→ **TASK DESCRIPTION**: Print out the data precisely as it appears here, with no pictures.

→ **PROVIDED MATERIAL**:
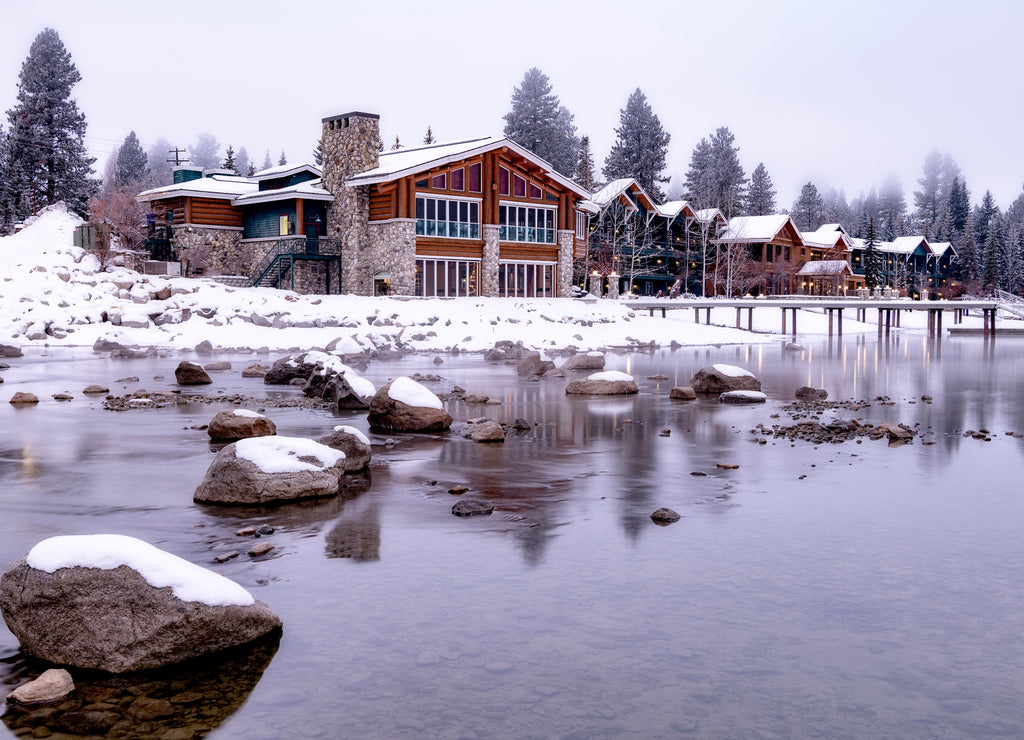 Hotel on the edge of an Idaho mountain lake in winter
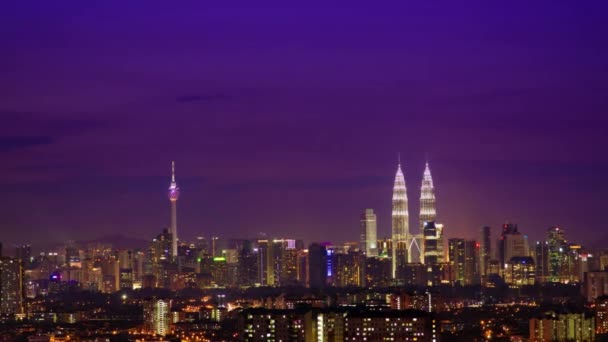 Capital Malásia Kuala Lumpur Vista Horizonte Cidade Noite Filmagem Vídeo — Vídeo de Stock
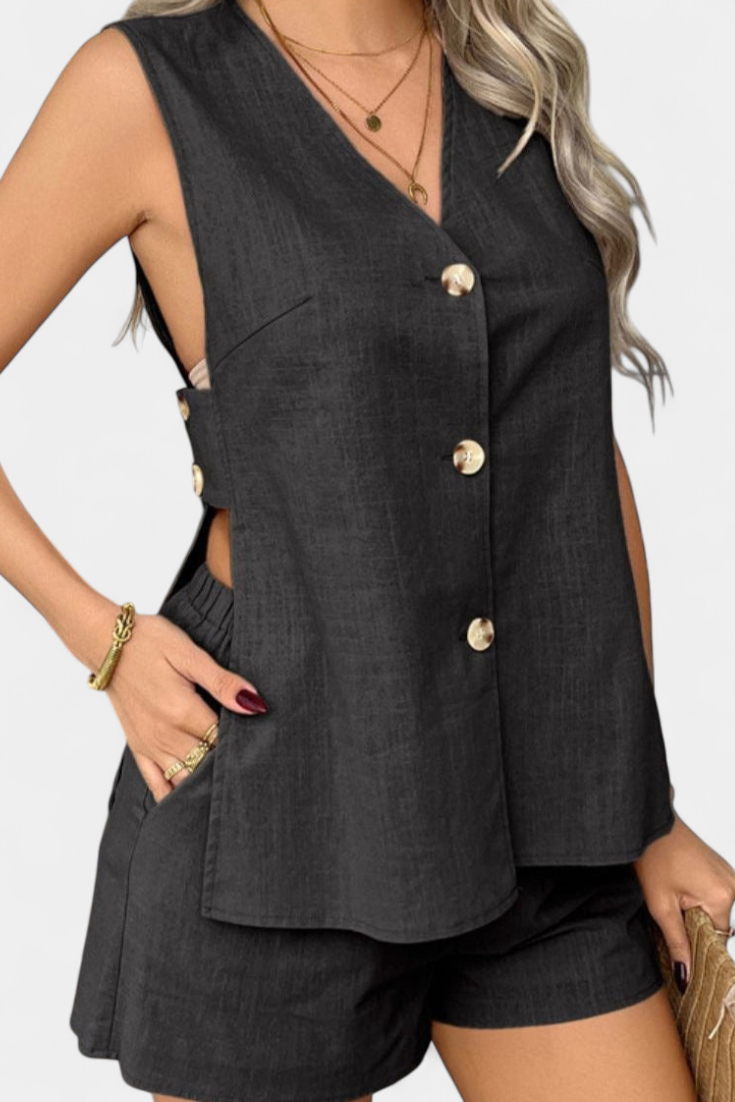 Loren | Conjunto de Lino Sin Mangas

→ **RESPONSE TO THE EXERCISE**:
 Hotel on the edge of an Idaho mountain lake in winter
 Capital Malásia Kuala Lumpur Vista Horizonte Cidade Noite Filmagem Vídeo — Vídeo de Stock
 Loren | Conjunto de Lino Sin Mangas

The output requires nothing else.